Now there are other means to lay claim to having completed a college-level class such as outcomes.
My colleague and doppelganger Scott Young, for example, decided that his ability to successfully complete the same exam taken by MIT students at the end of a course (with all tests taken under the same conditions of MITers sitting in a proctored classroom) would count as passing a full-semester class. Which means that regardless of how many hours it took him to learn the material required to pass such exams, tests rather than hours of work would be his method for assigning himself credit.
Scott’s system is far from unique, especially if you look at major industries such as IT where success is based on taking rigorous, validated certification exams where passing the test is the measure of progress, rather than the number of hours required to master the material needed to sit the exam.
For my Degree of Freedom project, I’ve been using a couple of means to declare a semester-length course completed. One is straightforward: if I do all the work associated with an online class (such as a MOOC that includes lectures, reading, homework, quizzes and other assignment) this “counts” as having finished one of the classes in my 32-course degree lineup.
But the other measure is the more amorphous concept of learning, i.e., did I learn what I would have if I took a comparable course within a brick-and-mortar university setting?
Since I already have a college degree, I’ve got a point of comparison between the amount I remember learning in a traditional college class vs. what I’m getting out of a MOOC or other free-learning experience. And for classes like Coursera’s Think Again (a logic course I can compare to one I took on the same subject years ago when I attended university), it’s pretty clear to me that the amount one learns if you put the time into completing all of the material in that MOOC course was the same as what I learned in a comparable classroom course taken previously.
Now there are some cases where the material covered in an online class seems lighter than what I would expect from a traditional full-semester one. But I also recall classes I took in college that were decidedly easier (and less demanding of my time) than others.
Also, as I’ve noted a number of times before, the means of measuring learning (such as automatically graded quizzes and peer-graded essays) within a MOOC course certainly feel like less than what students have to do when enrolled in a traditional university program.
I suppose if you showed up at my door this morning demanding I take a challenging final exam or write a closed-book essay on one of the subjects I studied during my freshman year, I would probably struggle with that assignment.

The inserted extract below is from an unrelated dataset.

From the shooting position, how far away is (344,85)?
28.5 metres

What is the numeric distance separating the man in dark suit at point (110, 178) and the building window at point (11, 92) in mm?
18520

But if I was given time to prepare (by letting me know what to expect and giving me time to study), I suspect I would do much better (just as any sophomore would have a better chance of success if given time to get ready for a test on a subject he or she studied during their freshman year).
More importantly, the courses I’ve been taking have exposed me to new ways of thinking meaning that if I was given some sort of open book assignment to demonstrate my learning, I would have the knowledge and experience to succeed in demonstrating that a class did indeed deliver the goods.
This analysis brings up a host of issues related to what students are accomplishing regardless of where their studies are taking place. For today’s students all have access to far more information and resources than did any of us who went to college before the Internet age. Which means that recall (once the key metric for success in instruments like closed-book exams) are less important than background knowledge coupled with the ability to perform research, think critically and synthesize material into something original and thoughtful.
So might we be better off focusing on MOOCs and other tools that will teach students these critical skills? Or perhaps we should be preparing students at a younger age to perform research, think critically and write well since those who have a grounding in these vital skills are the ones most likely to succeed, regardless of where or how their learning take place.